Jesus refers to this in John 7:19 when He is being attacked by the Pharisees. NASB “Did not Moses give you the Law, and {yet} none of you carries out the Law? Why do you seek to kill Me?” He was pointing out that even among the Pharisees they couldn’t keep the law.

So we have the statement: Romans 3:20 NASB “because by the works of the Law no flesh will be justified in His sight; for through the Law {comes} the knowledge of sin.”

Just to summarize this we have to understand the meaning of “works of the Law,” and this involves a grammatical phrase in Greek called a genitive construction. Is this works produced by the Law or works that derive from the Law? The trouble with the genitive construction is that it can pass several different nuances, some of which are a little opposite of one another. There is what is called a noun of action. We usually think of a verb as being action but there are nouns that describe verbal action.

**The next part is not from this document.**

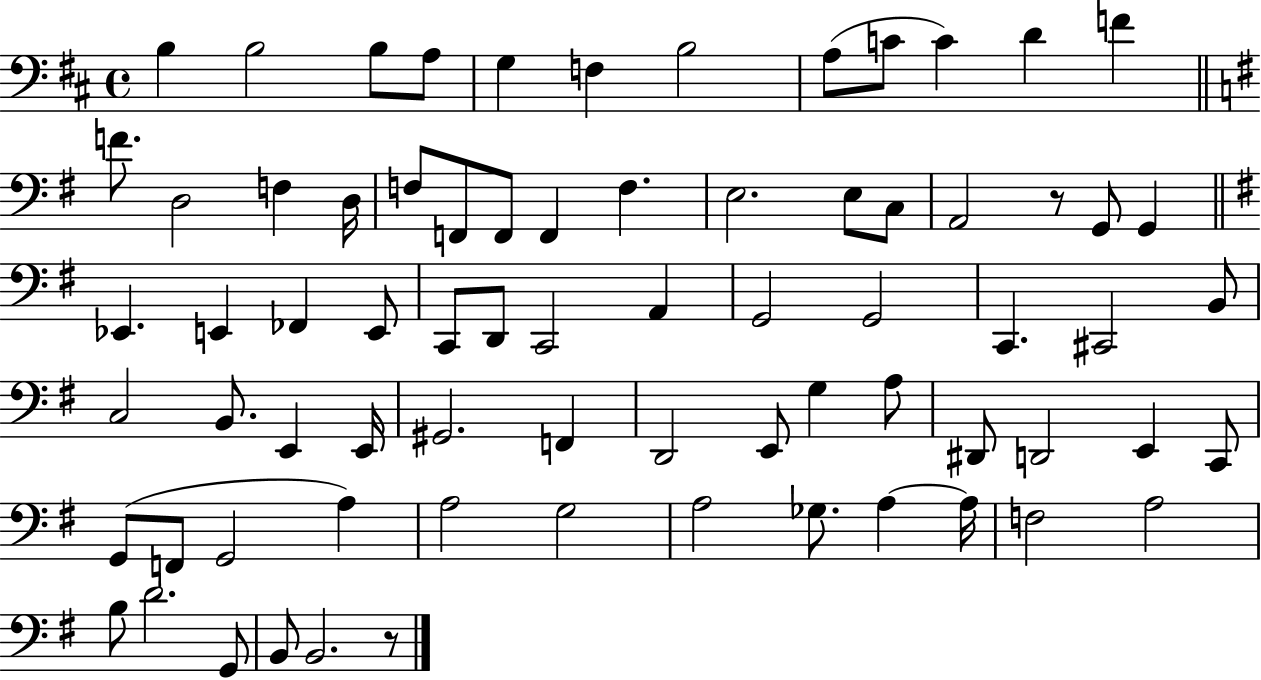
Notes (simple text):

B3/q B3/h B3/e A3/e G3/q F3/q B3/h A3/e C4/e C4/q D4/q F4/q F4/e. D3/h F3/q D3/s F3/e F2/e F2/e F2/q F3/q. E3/h. E3/e C3/e A2/h R/e G2/e G2/q Eb2/q. E2/q FES2/q E2/e C2/e D2/e C2/h A2/q G2/h G2/h C2/q. C#2/h B2/e C3/h B2/e. E2/q E2/s G#2/h. F2/q D2/h E2/e G3/q A3/e D#2/e D2/h E2/q C2/e G2/e F2/e G2/h A3/q A3/h G3/h A3/h Gb3/e. A3/q A3/s F3/h A3/h B3/e D4/h. G2/e B2/e B2/h. R/e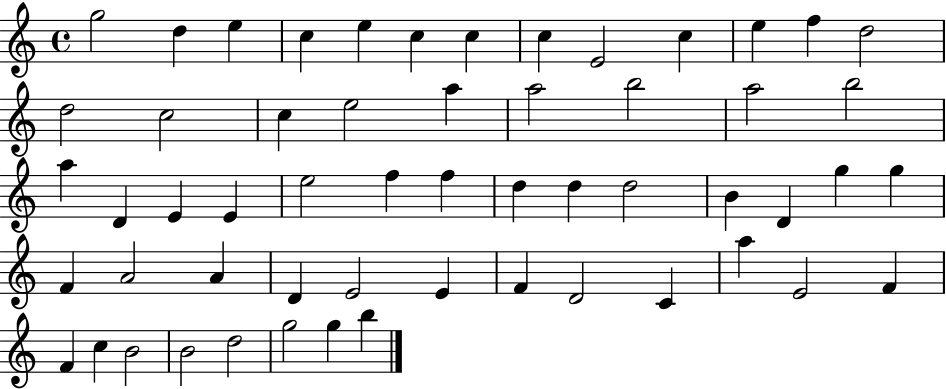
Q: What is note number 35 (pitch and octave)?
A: G5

Love is a noun of action. We can love someone (verb) but when we talk about the love of God the noun “love” is describing the action of love on God’s part. The love of God can be understood as God’s love for people. “The love of God has been shed abroad in our hearts by the Holy Spirit” is talking about God’s love having been made manifest in us. God is the one the love is proceeding from and that is what is called a subjective genitive. But in other passages the love of God is a phrase that means the love directed toward God. So this Greek phrase has to be understood within the context and it can either be love from God or love to God. If it is love from God, God is the subject performing it; if it is love to God, God is the object receiving it. So it is one or the other.

The really strange thing is that in our world of anything can mean anything in hermeneutics today or in interpretation, whatever you want it to mean, there has developed a new category in grammar called a plenary genitive. That means that it means both: two opposite things at the same time. That is like saying well it is white and it is black at the same time. It is irrational; it is either one thing or the other. It is important to understand this.